_Task prompt_
Print the listing below only from the line that has "Giá vàng tiến" through the line that has "The Painful Truth", exactly, and drop any picture.

Information given Start Marker

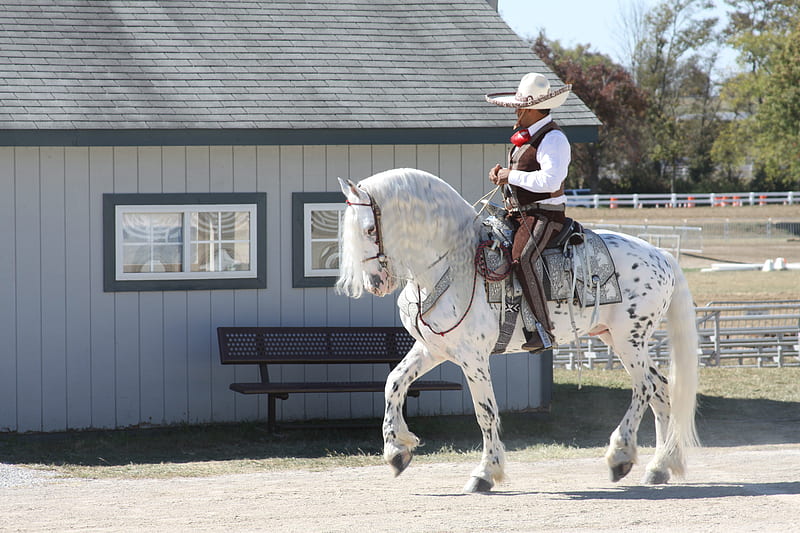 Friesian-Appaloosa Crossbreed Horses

Information given End Marker
Information given Start Marker

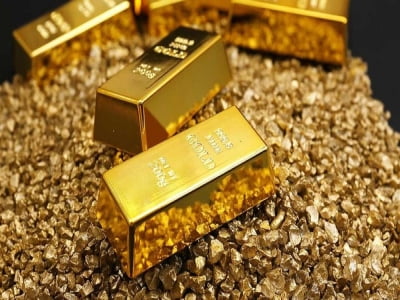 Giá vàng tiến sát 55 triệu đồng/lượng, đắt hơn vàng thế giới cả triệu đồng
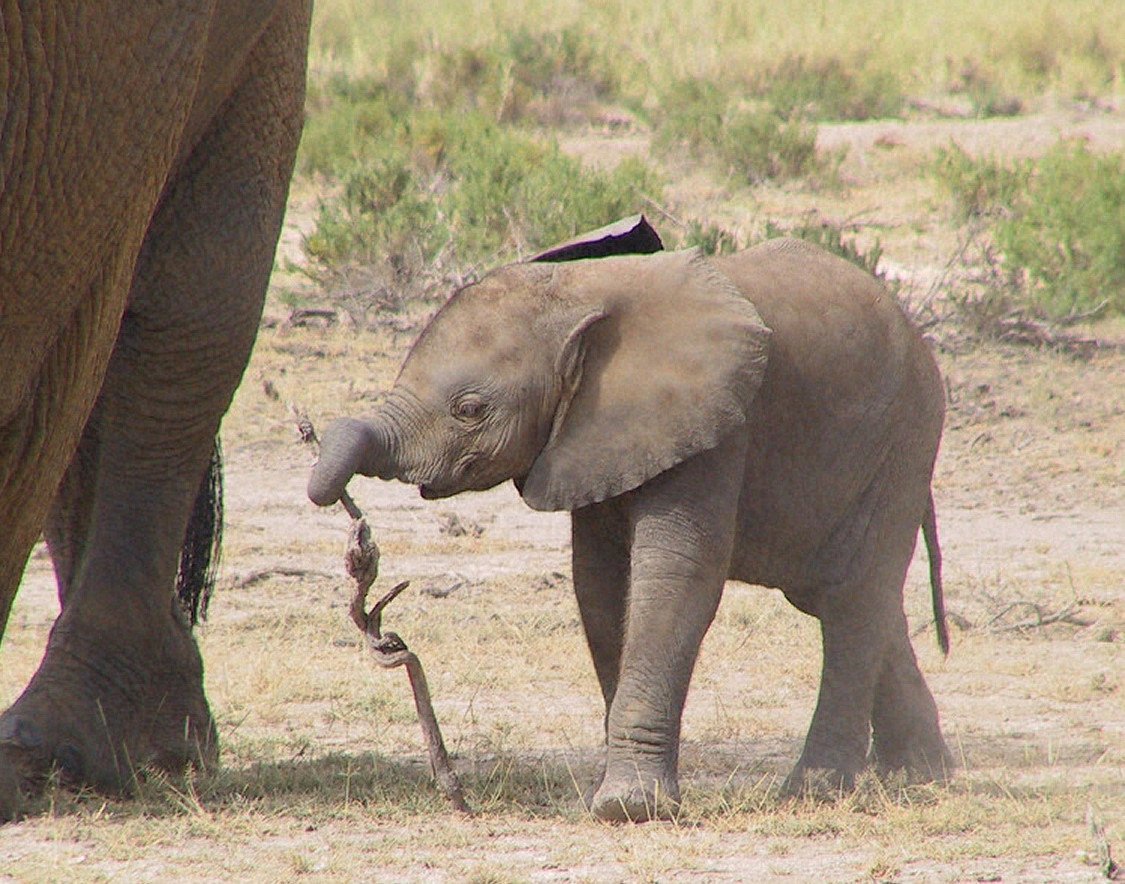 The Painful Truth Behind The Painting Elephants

Information given End Marker

_Output of the exercise_
 Giá vàng tiến sát 55 triệu đồng/lượng, đắt hơn vàng thế giới cả triệu đồng
 The Painful Truth Behind The Painting Elephants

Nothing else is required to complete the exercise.